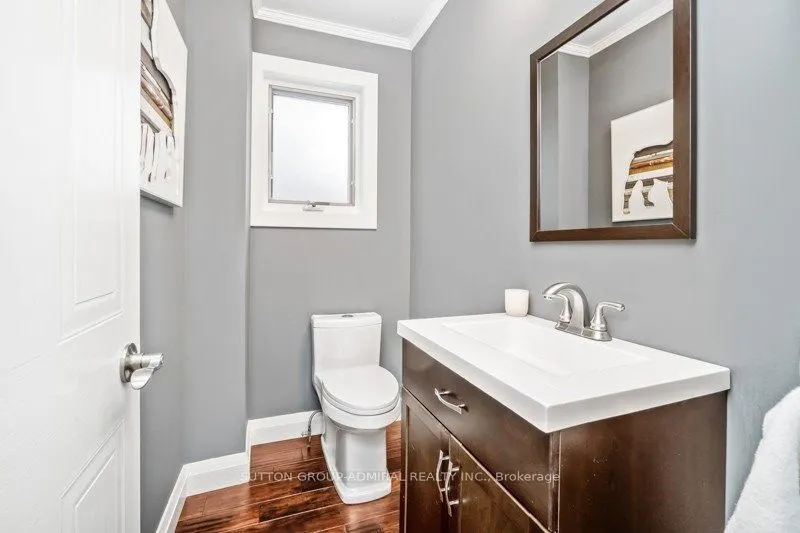 361 Riddell Court, #6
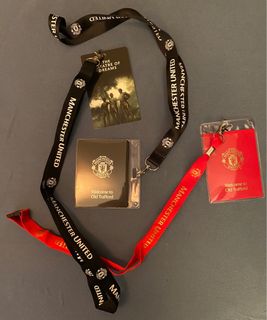 （分類：）位於 。 由 largow9286271 提交（商品編號 1363376301，圖片 1）。簡介： 。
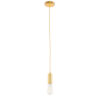 ideal for stylish interiors.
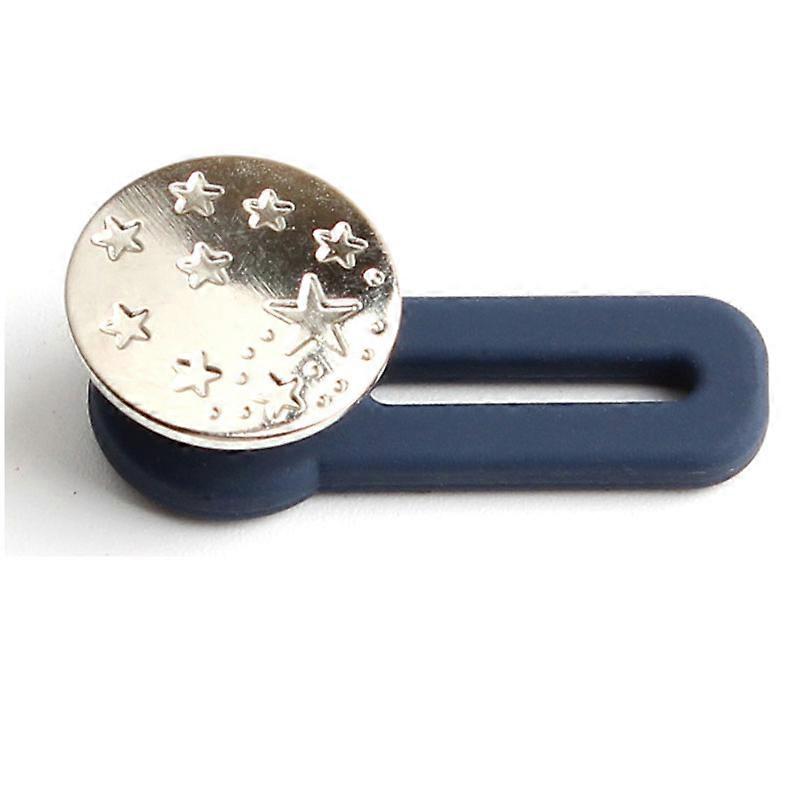 INF Adjustable Waist Extension Button for Jeans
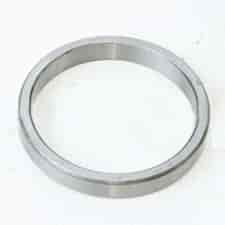 Makita 257224-1 Ring 49, HM1202C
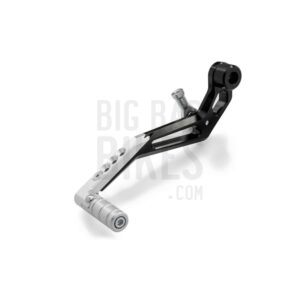 SW-Motech Gear Lever for Suzuki V-Strom 650 XT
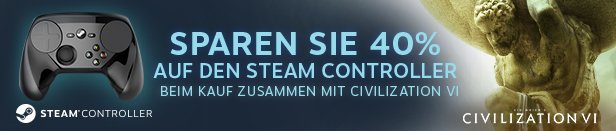 civilization-6-steam-bundle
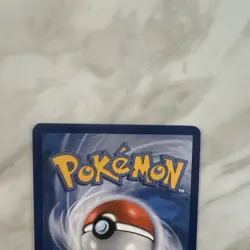 Pokemon Arceus Promo XY83 XY Holo - Image 4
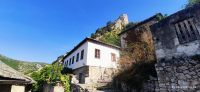 288 Potcitelj &ndash; &copy; Konrad Füssel (Eberhardt TRAVEL)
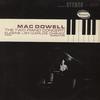 List, Vienna State Opera Orchestra - MacDowell: The Two Piano Concerti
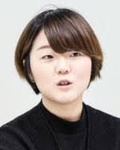 Ma Min-ji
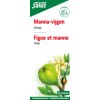 Salus Manna-Vijgen Siroop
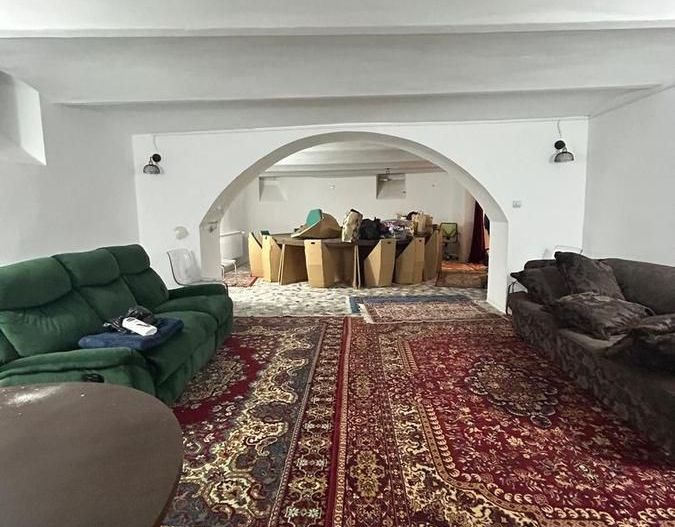 Se vinde apartament P+D in vilă interbelică, Str. Semicercului 10 - Poză 9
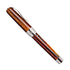 Pineider Pens Limited Edition Arco Fountain Pen Oak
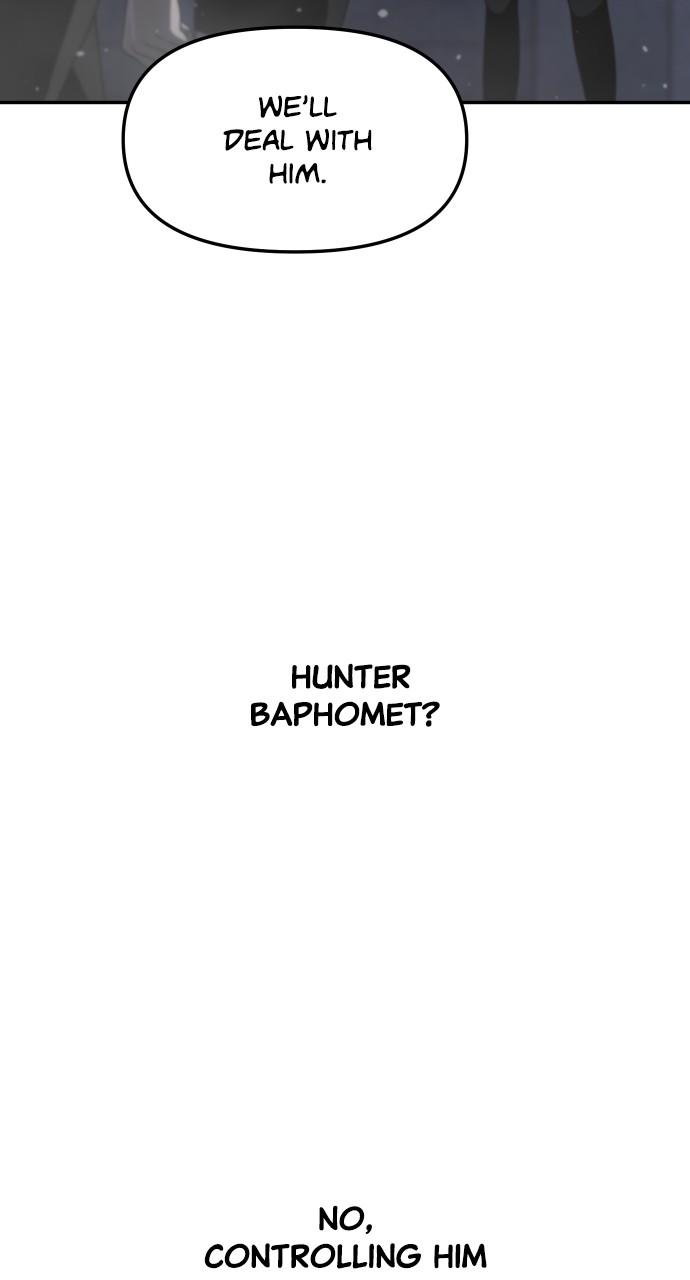 I Was the Final Boss Chap 66 - Next Chap 67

Exercise details
Pictures aren't part of the copy; return each record above exactly.

Written reply
 361 Riddell Court, #6
 （分類：）位於 。 由 largow9286271 提交（商品編號 1363376301，圖片 1）。簡介： 。
 ideal for stylish interiors.
 INF Adjustable Waist Extension Button for Jeans
 Makita 257224-1 Ring 49, HM1202C
 SW-Motech Gear Lever for Suzuki V-Strom 650 XT
 civilization-6-steam-bundle
 Pokemon Arceus Promo XY83 XY Holo - Image 4
 288 Potcitelj &ndash; &copy; Konrad Füssel (Eberhardt TRAVEL)
 List, Vienna State Opera Orchestra - MacDowell: The Two Piano Concerti
 Ma Min-ji
 Salus Manna-Vijgen Siroop
 Se vinde apartament P+D in vilă interbelică, Str. Semicercului 10 - Poză 9
 Pineider Pens Limited Edition Arco Fountain Pen Oak
 I Was the Final Boss Chap 66 - Next Chap 67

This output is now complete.